Sometimes it still bothers me that we don’t know why I had a placental abruption. I had none of the risk factors. None.
In case you’re wondering, they are:
- hypertension or high blood pressure in pregnancy (mine was and is always low)
- cigarette use (nope)
- cocaine use (never)
- infection (no)
- multiples (no thank GOD)
- and being 40+ (I was 29)
And of course the last risk factor, prior history of a placental abruption (it was my first pregnancy – next time though!).
I also had no trauma to my stomach, which is the most common cause of a placental abruption. The odds of a placental abruption are about 1 in 100. The odds of a placental abruption when you have none of the risk factors and no trauma? They’re really really low.
Occasionally I’ll take a deep dive reading studies and articles about placental abruptions. I’ll read about what the studies suggest about subsequent pregnancies. I always hope they’ll make me feel better but in the end, they wind up making me feel like so much is out of my control. I’m still shocked that it happened. I had the most textbook healthy pregnancy, until I didn’t.
The weird thing about placental abruptions is that they don’t always definitively know that’s what happened. They looked at my symptoms that day and believed that was what was taking place. They safely delivered Ben. I was told that it was possible that my placenta would be sent to the pathology lab to provide a firm diagnosis but in the end, that didn’t happen so I guess I’ll never really know for sure.
At my most recent OBGYN appointment I told my doctor that I was still a little unclear about what happened that day. I know so many specifics about Ben’s health. I remember his heart rates on the monitor. I remember they estimated he was between 3.5 and 4lbs. (20 minutes before he was born at 5lbs. 6oz. ha). Each day I knew his weight down to the gram along with what meds he was on and how many liters of oxygen. I knew very little about my part in the whole thing. What happened to my body? Did I for sure have a placental abruption? I went to the hospital for back pain. I was not bleeding (until several hours later). I had major abdominal surgery. What happened to me?
She wasn’t the doctor who delivered Ben (fun fact: I didn’t actually know who had delivered Ben because my c-section was that fast) and she wasn’t in the hospital that day but she took the time to dig through my chart. She gave me specifics about every detail they had that indicated to them that I was having a placental abruption. Apparently there are also other indications after the fact (like the baby’s blood gas levels moments after birth) that increased their confidence that is what happened.
So I guess it did. Even if I still can’t believe it happened to me.
When I read the studies, part of me feels like the research can’t directly apply to me. Maybe it’s my ego. I’m young (ish) and healthy. Very healthy, I’d assume, compared to the average American. It feels like the research can’t apply directly to me because were all those women who participated in the studies as healthy, active, etc. as I am? Did they do everything “right” like I did?
In so many ways I’m the anomaly. My doctor never would have predicted that it would be me with complications. She told me herself when she visited us in the NICU that she was shocked. We’d joked at my last appointment that my checkups were so boring and I distinctly remember her saying “the boring ones are the best ones because it means everything is going right.”

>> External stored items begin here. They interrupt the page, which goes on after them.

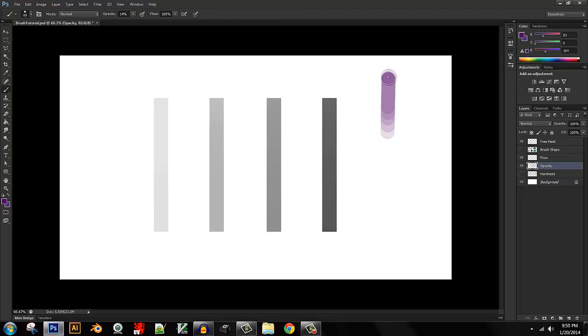But every time I lift my brush, I add a little bit more value or color or whatever I'm working with.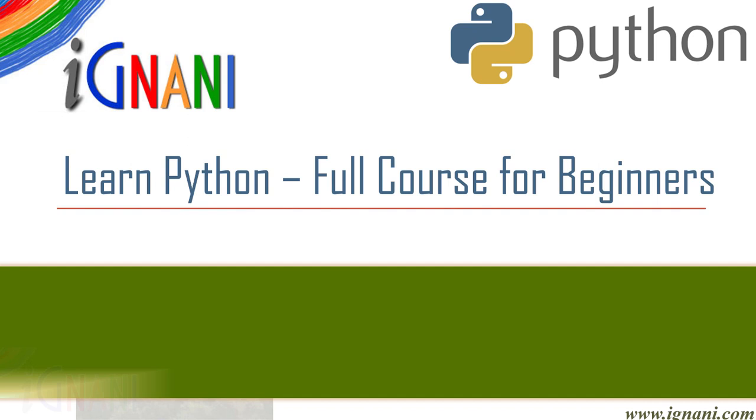Hello, welcome to this course Learn Python, a complete course for beginners from Aignani. Python is available on a wide variety of platforms including Windows, Linux, Mac, OS X, etc.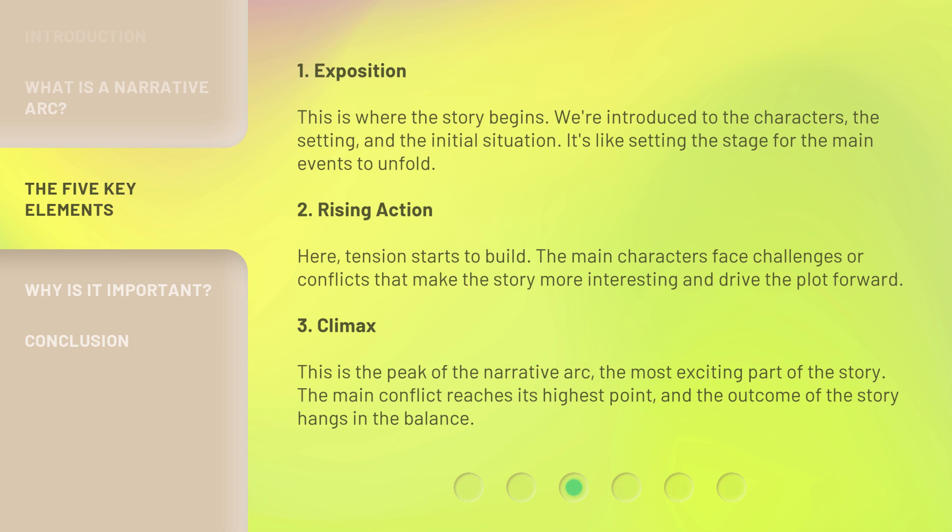3. Climax. This is the peak of the narrative arc — the most exciting part of the story. The main conflict reaches its highest point, and the outcome of the story hangs in the balance.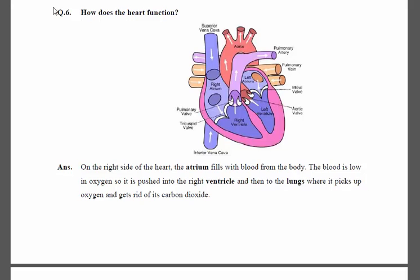Bismillahirrahmanirrahim. Assalamu alaikum, Grade 5 class. How are you all? Hopefully all of you are fine. As we were discussing Unit Number One on the human body, we have discussed different questions — question number one, two, three, four, five — and today we are discussing question number six: how does the heart function?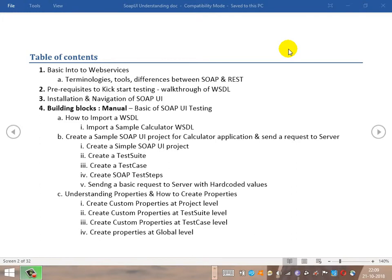Hi everyone. We have seen the basic building blocks like how to create a project structure, how to use properties at various levels - we have defined properties at project level, suite level, and global level - and then we tried those properties at various levels in the request. We triggered the SOAP request, verified the response, and validated how to validate the response using assertions.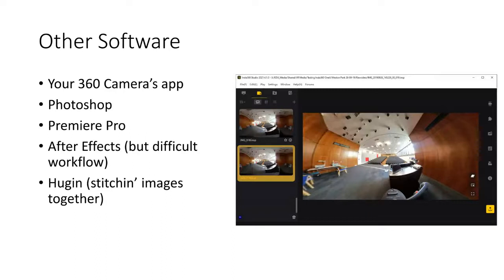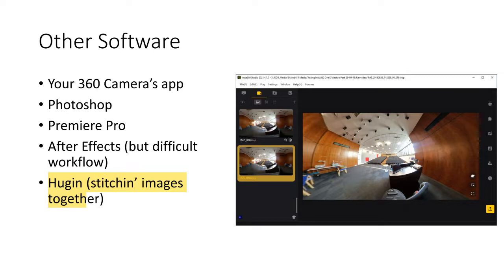A few other notable software tools: your camera's 360 app is great, Photoshop and Premiere I've mentioned, After Effects does 360 and does some really good things including tracking, though the workflow is awkward. I've recently come across Hugin, which is useful for stitching images together — particularly if you're working with DSLRs — and I've used it to correct wonky horizons. It has a pretty awful interface, so be aware of that.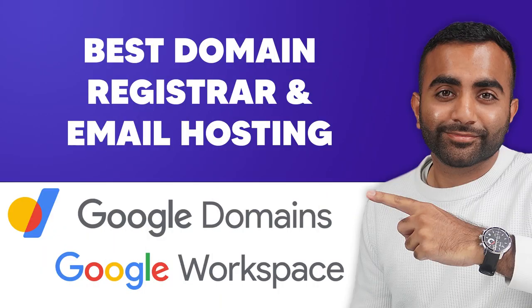Are you ready to create a website for your business or agency, but you're not sure where to register your domain name? Here at Brainstorm Force, we like to use Google Domains as our domain registrar of choice and Google Workspace for our email hosting. And in this video, I'm going to be showing you why you should be using them too.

And finally, because of my complications my doctor has advised us that we should wait longer than is typically recommended between pregnancies. Longer than we’d like to wait. It feels like the final punishment for my body’s betrayal.
I’m sure that all of these thoughts will make any future pregnancies more challenging. I’m certain I’ll call the doctor more frequently. Maybe even stop by the PETU at the hospital to get checked at the first sign of back pain. It’ll be an entirely different experience than my last and I hope I’m able to enjoy it when that time comes.
I’m so grateful every day that Ben got here safely and that he’s healthy. I’m grateful that I was able to have a child, because I know not everyone is. I’m grateful for my own health and my speedy recovery. But it doesn’t mean my mind doesn’t wander and wonder why or how my very healthy, perfectly normal pregnancy abruptly (bad pun?) ended the way it did. Sometimes I’m still a little mad about it.